Another crazy summer draws to a close. Gone are the rumours. Gone are the ITK’s putting one and one into two. Gone are the mornings where one would scramble for his or her smartphone to catch up on what happened in the transfer window.
As soon as it’s transfer season, fans go nuts about the idea of new acquisitions in hopes of bolstering the squad for the upcoming season. The summer window is where most of the major transfers take place, so it’s no wonder why there is a crazed obsession with it. With a reported 4% increase from last summer’s expenditure, £870 million – a figure fuelled by the massive TV deal – proved to be the underlying figure spent by Premier League clubs.

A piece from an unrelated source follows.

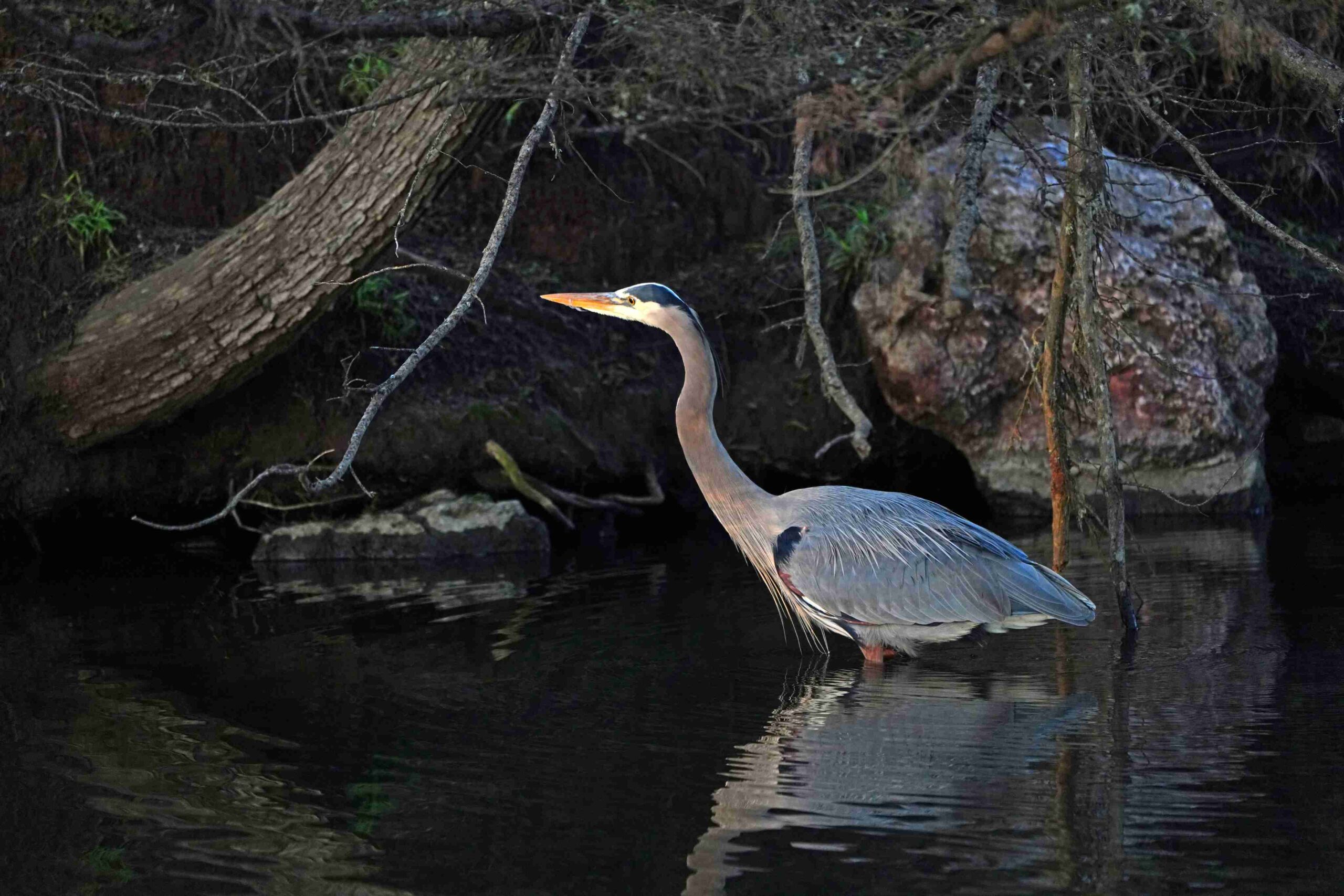 Great Blue Heron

Liverpool (fans) are not exempt from that torture either (or excitement, if that’s your kink), and the Reds proved to have a pretty busy summer themselves. Raheem Sterling’s £49 million move to Manchester City triggered what would be a trio of signings for Liverpool in the form of Nathaniel Clyne, Roberto Firmino, and Christian Benteke – all deserving of the hype, but doubts are sure to still linger. Other additions like Danny Ings, Adam Bogdan, James Milner, and Joe Gomez aren’t the biggest of summer signings for Liverpool, but all have their respective roles to play for the upcoming season. On the other hand, the departure list for the Reds isn’t too different from that of summers before, with loan moves making up a majority of the numbers.
While the words on everyone’s lips are about the new signings and the departures, there are still some things that can be seen in a different light – the ones that got away, and the ones that didn’t go away. So, in honour of the aim for Liverpool FC this season, what are the Top 4 things that didn’t happen to Liverpool’s summer transfer of 2015? Continue scrolling.
#4: Rafa’s Man Was Not Moved
As imposing as Brendan Rodgers wants to be on the Liverpool squad he inherited, it appears that more than half of the players that were brought in during his tenure left. Only a handful are still with the club and even then, a portion of them are out on loan. While Rodgers has offloaded many players from previous managers, there are still two players who remain, one of them being the much-loved Lucas Leiva.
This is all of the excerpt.